The peripheral (inclusive of printer) market has survived a period of significant decline to deliver growth in Q2 2018. Sales rose by 4.4% to $74b and units by 5.9% to 109m, although there was a 1.4% decline in the installed base. For the year to the end of June 2018 market revenues grew by 5.8% to $256b and units by 4.7% to 420m.My Figure shows the development of market revenues by type. Peripheral service (mainly document and print services/outsourcing) is by far the largest offering, followed by supplies (print cartridges, ink, photographic paper, etc.), printers and camera/other peripheral hardware. This market is possibly the only one in which the decline in business in 2015-6 was actually deeper than in the Credit Crunch in 2008-9. It’s got a long way to go before it makes up for the 22% annual decline against the peak of spending in 2008 however.

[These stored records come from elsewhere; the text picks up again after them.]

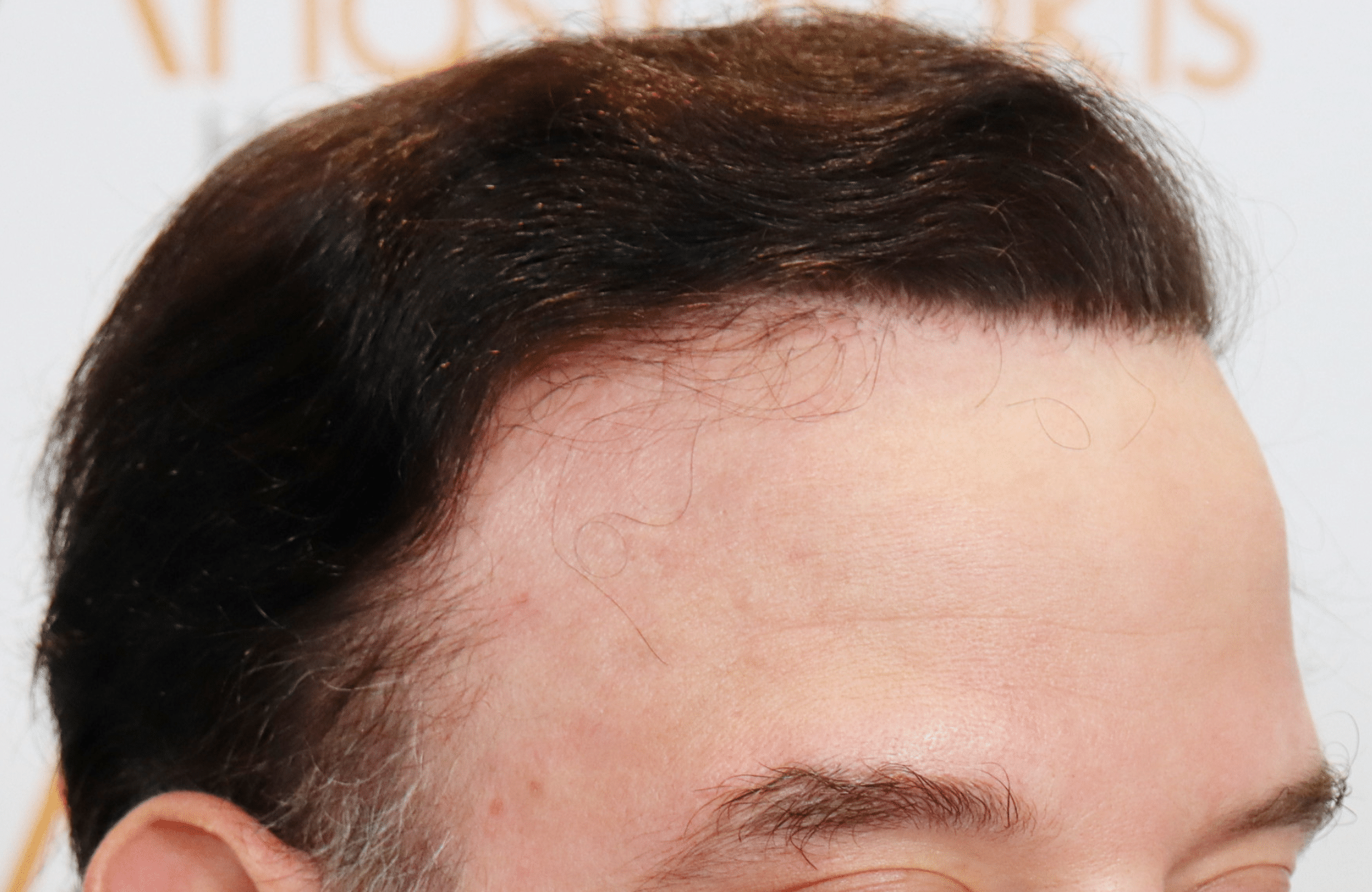 hair transplant result 5500 fus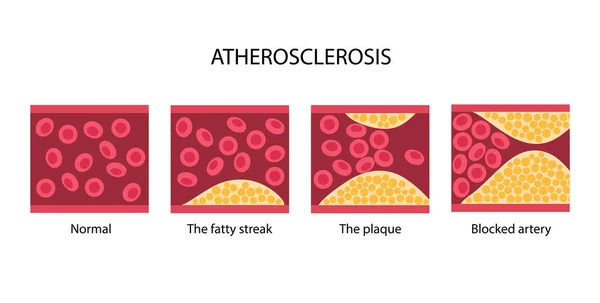 胆固醇和动脉粥样硬化 — 图库矢量图片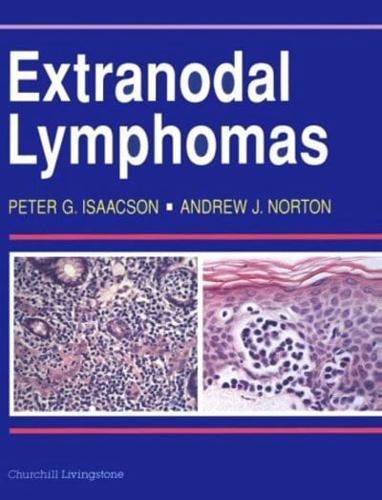 Extranodal Lymphomas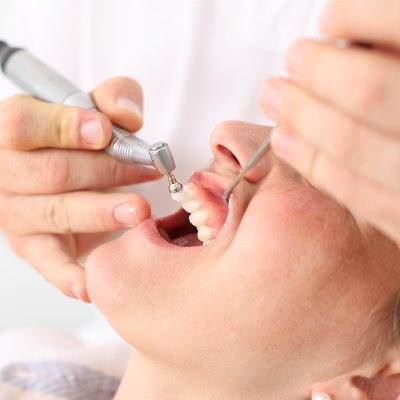 Procedure for Teeth Scaling/ Teeth Cleaning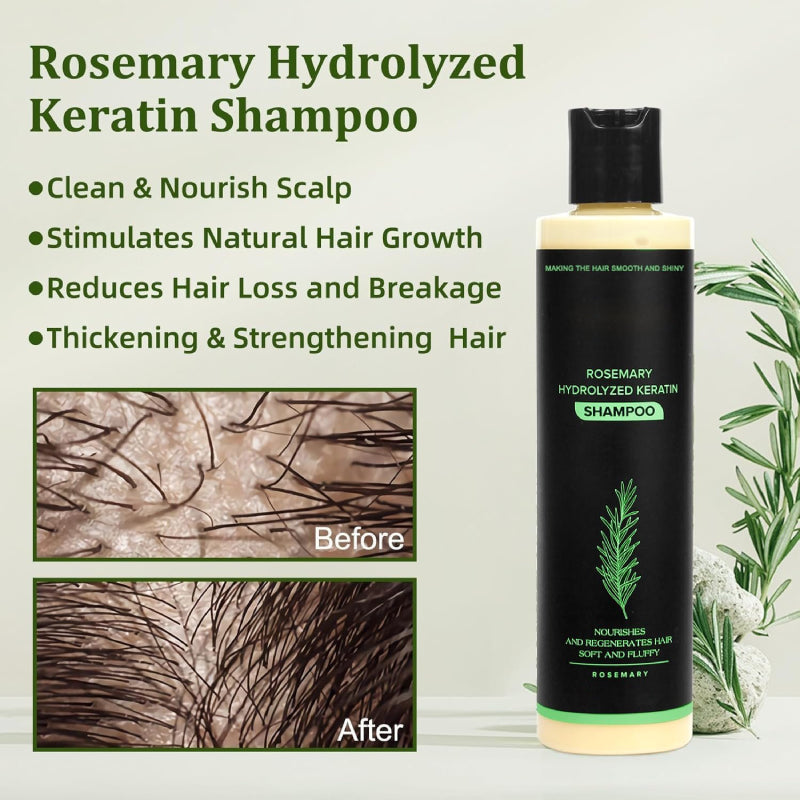 🔥LAST DAY 50% OFF -  Hair Growth Shampoo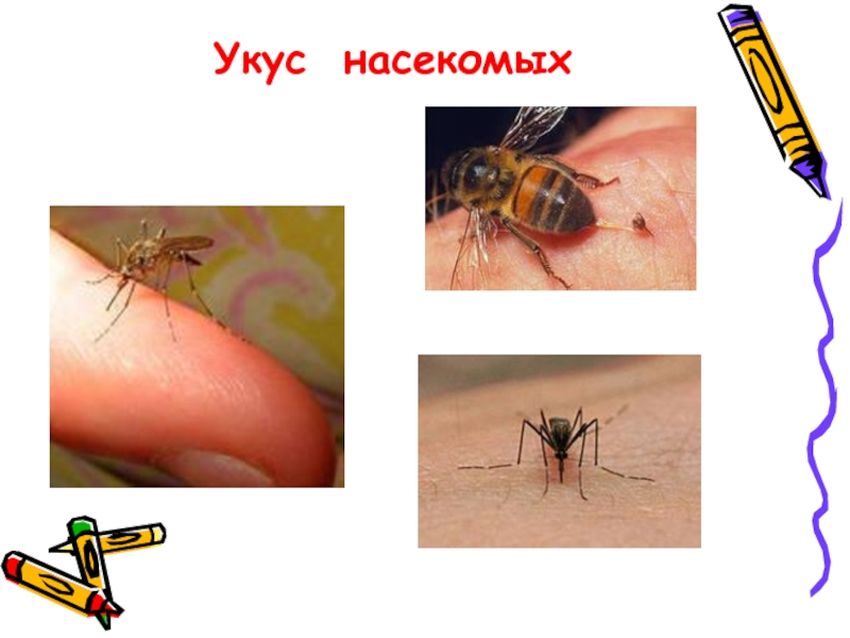 Укусы насекомых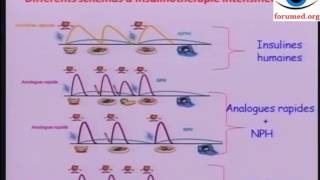 Traitement de diabète de type 1 insulinothérapie [upl. by Curt748]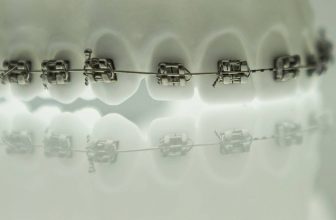 Can You Get Braces With Veneers? Ultimate Guide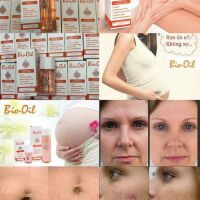 Rạn da Bio oil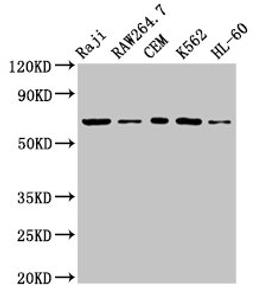 Western Blot. Positive WB detected in: Raji whole cell lysate, RAW264.7 whole cell lysate, CEM whole cell lysate, K562 whole cell lysate, HL60 whole cell lysate. All lanes: Zap70 antibody at 3.2µg/ml. Secondary. Goat polyclonal to rabbit IgG at 1/50000 dilution. Predicted band size: 71, 36 kDa. Observed band size: 71 kDa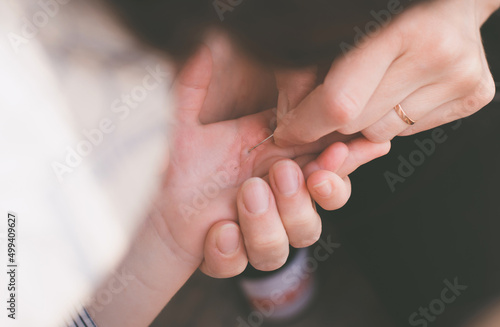 A woman takes a splinter out of a child's hand with a needle. A splinter in a child's hand photo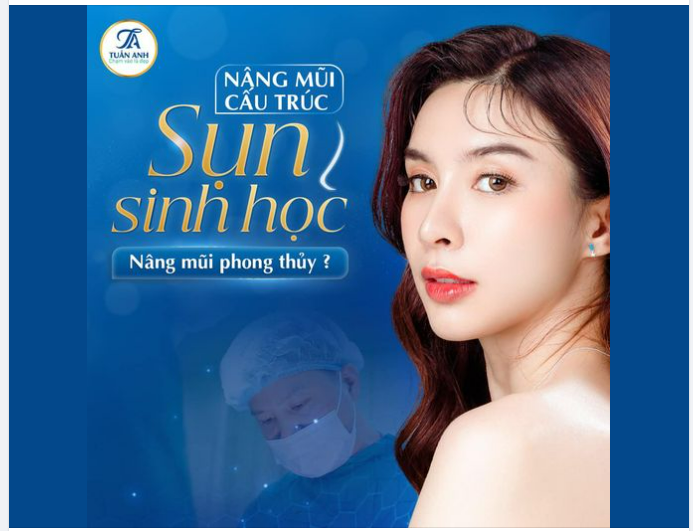 Nâng mũi cấu trúc sụn sinh học Ultra Cell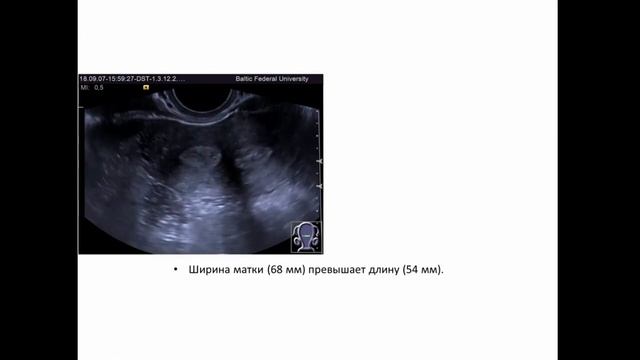 УЗИ органов малого таза у женщин: обзор видеопримеров смотреть онлайн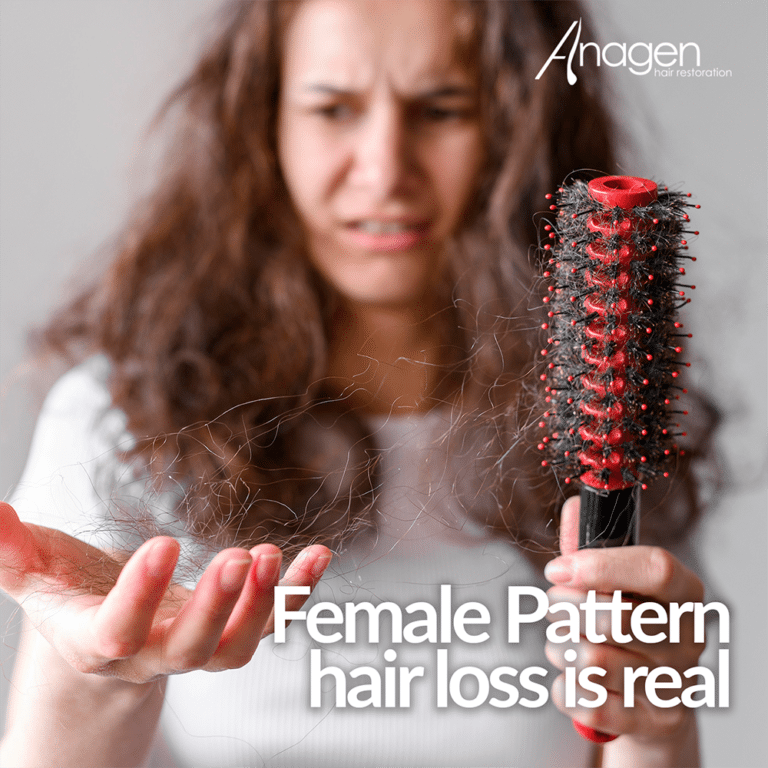Female Pattern hair loss is real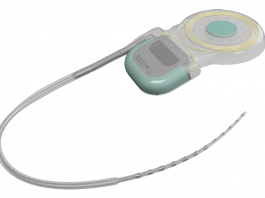 FDA Approves First Cochlear Implants for Single-Sided Deafness and Asymmetric Hearing Loss SYNCHRONY cochlear implants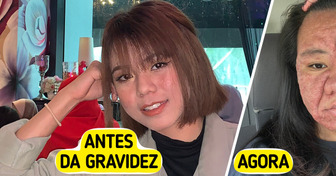 Mulher de 28 anos compartilha transformação chocante do rosto durante a gravidez com total honestidade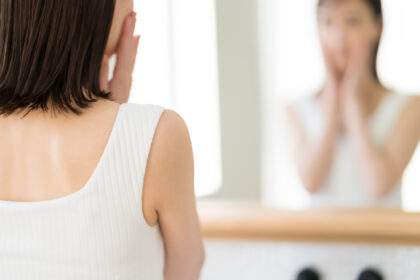 すっぴん時の顔の赤みは皮膚科へご相談ください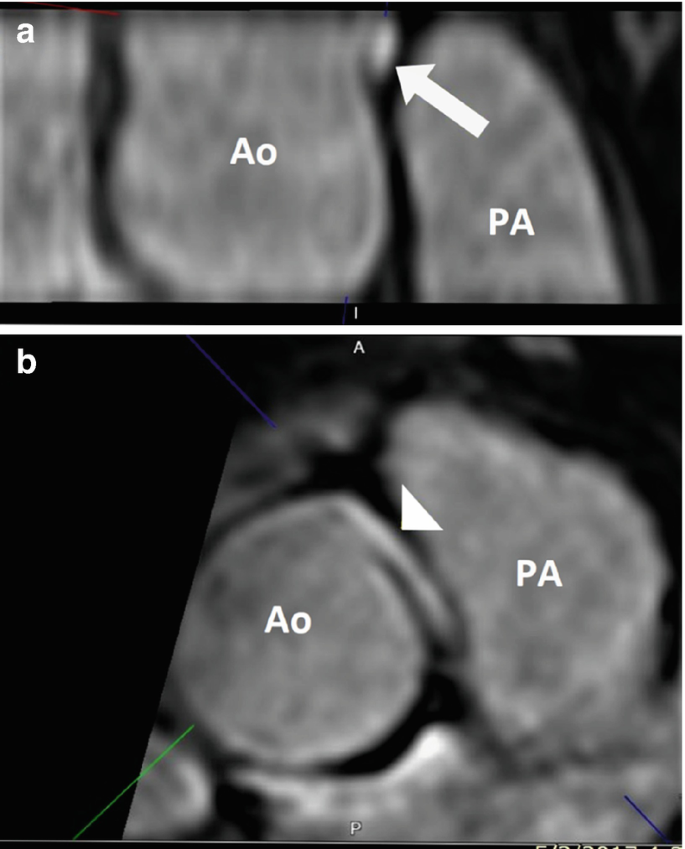 2 radiographs A and B of the aorta, featuring the size and shape difference of the pulmonary artery. A has more details and B has colored lines to measure the distance.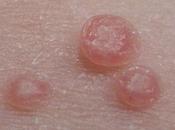 molusco contagioso (molluscum contagiosum)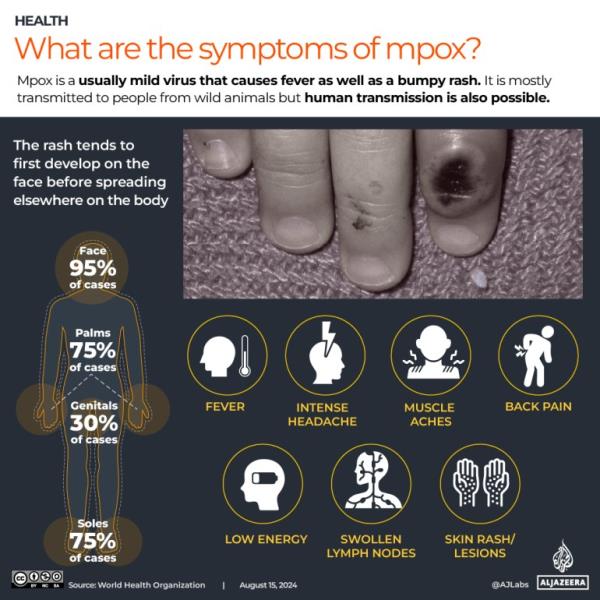 INTERACTIVE_MPOX August 19_2024_signs and symptoms REVISED
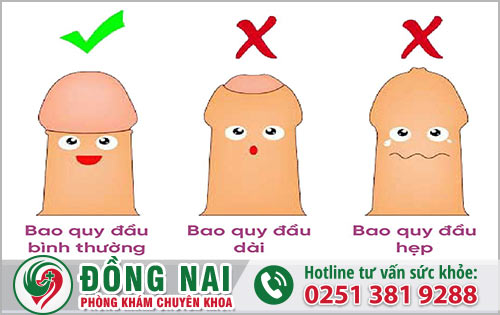 Chức năng quan hệ tình dục có bị giảm vì hẹp bao quy đầu không?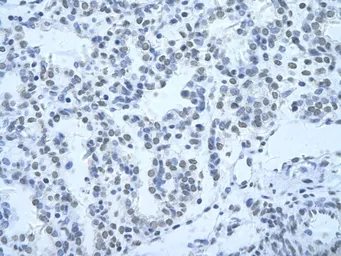 Anti-HNRPH3 antibody, N-term used in IHC (Paraffin sections) (IHC-P). GTX47329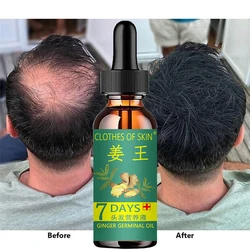 Effective Ginger Hair Growth Ointment Hair Care Healthy Anti-Hair Loss Essence Oil Damaged Hair Nutrition Cream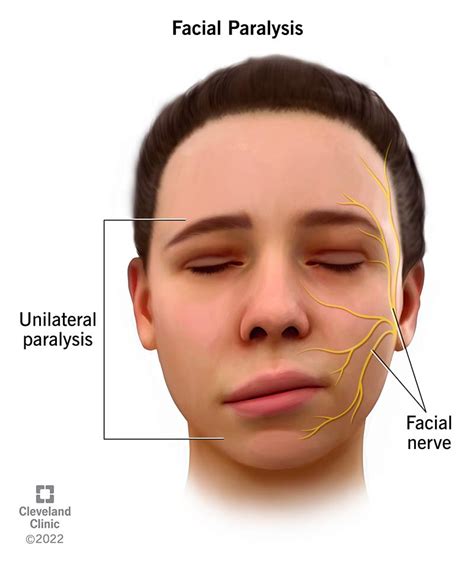 Facial Paralysis Causes Symptoms Treatment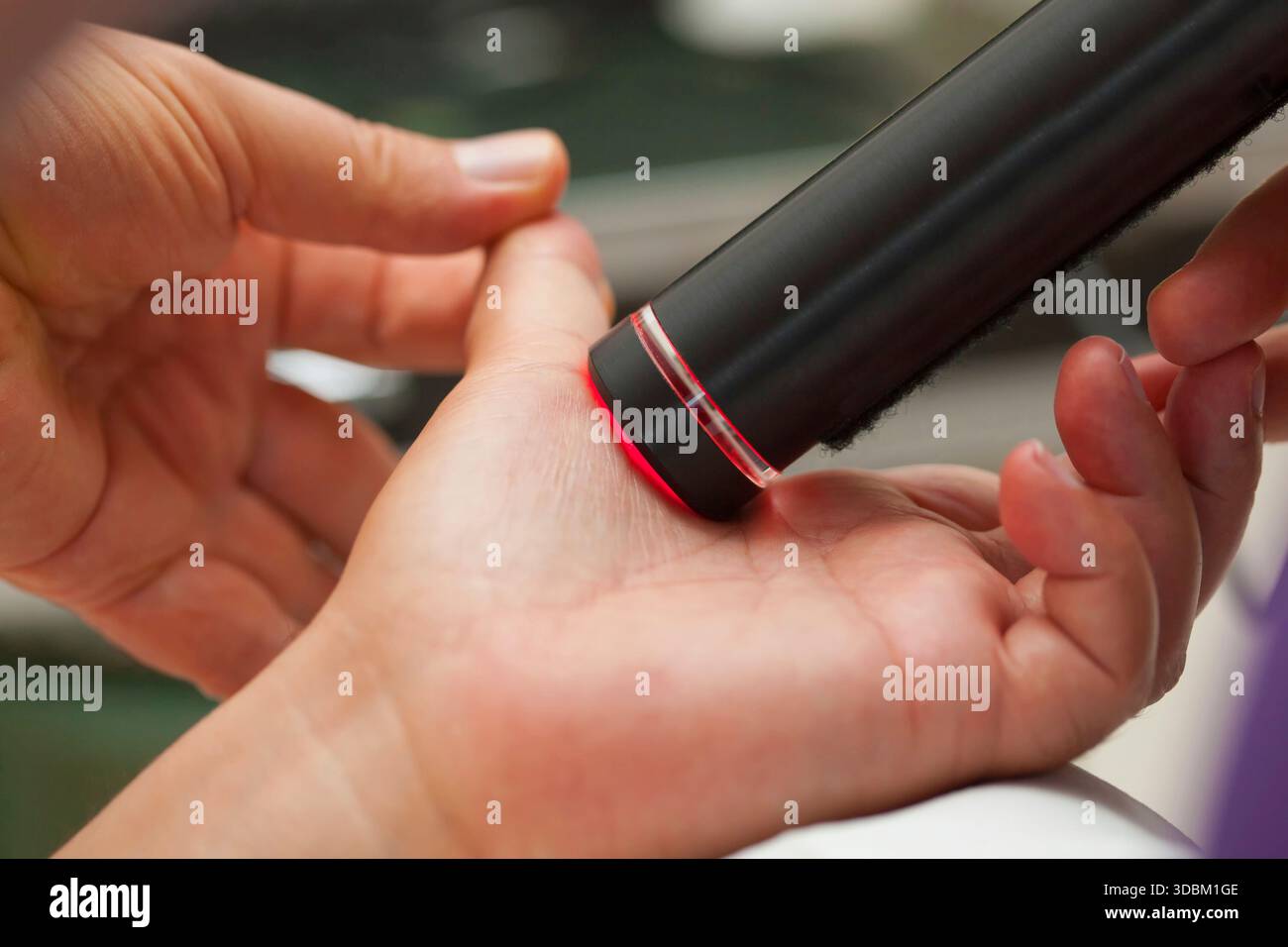 Behandlung-Laser-Therapie der Artikulation des Daumens. Stockfoto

This is one of only a few markets in which services and supplies can be measured along side the hardware areas. In total they accounted for 60.9% of total spending in the last year. Of the hardware areas laser printers were the strongest revenue generator, followed by digital cameras (a market which would be far larger if cameras were not included in most of the 1.4b shipments of mobile devices in the year), inkjet printers and other peripheral devices, which include audio visual, mice, gaming controllers, virtual reality headsets, pointers and computer keyboards, where Logitech is the market leader.

Asia Pacific is (as always) by far the strongest region for the acquisition of peripherals, accounting for 43% of global spending (see my Figure above). One important reason is a continuing need for many computer users to print out important documents in languages incorporating complex characters.

From a vendor point of view Canon has emerged over the last few years as the leading vendor, overtaking HP Inc.; in the last year its market share was 8.3% stronger. Of all the areas I track of the ITC market this is the one in which Japanese suppliers are most important, taking six of the top seven places. Unless through acquisition, this is unlikely to change rapidly, given the long time spans needed to design, patent and ship enough product to be able to generate strong revenues from after market sales of supplies and services.


The printer market requires large research and development expenditure by vendors to create proprietary products which generate more profit and revenue from supplies than they do from the hardware products themselves. The barrier to entry for new suppliers are bigger than in many other areas of the ITC market as a result.

The printer market has dual leaders – it is very difficult to say whether HP Inc. or Canon were top in the year (see my Figure above); they tied at 20.0% each in revenue, while Canon shipped slightly more printers and has a greater lead in terms of the installed base.

Market growth over the last few quarters has lessened the urgency to diversify for a while, but solid 3D printing and other newer types of product need to be successful for the total market to grow in the medium term, which is just as well given the long time periods and high investments needed to establish viable product ranges.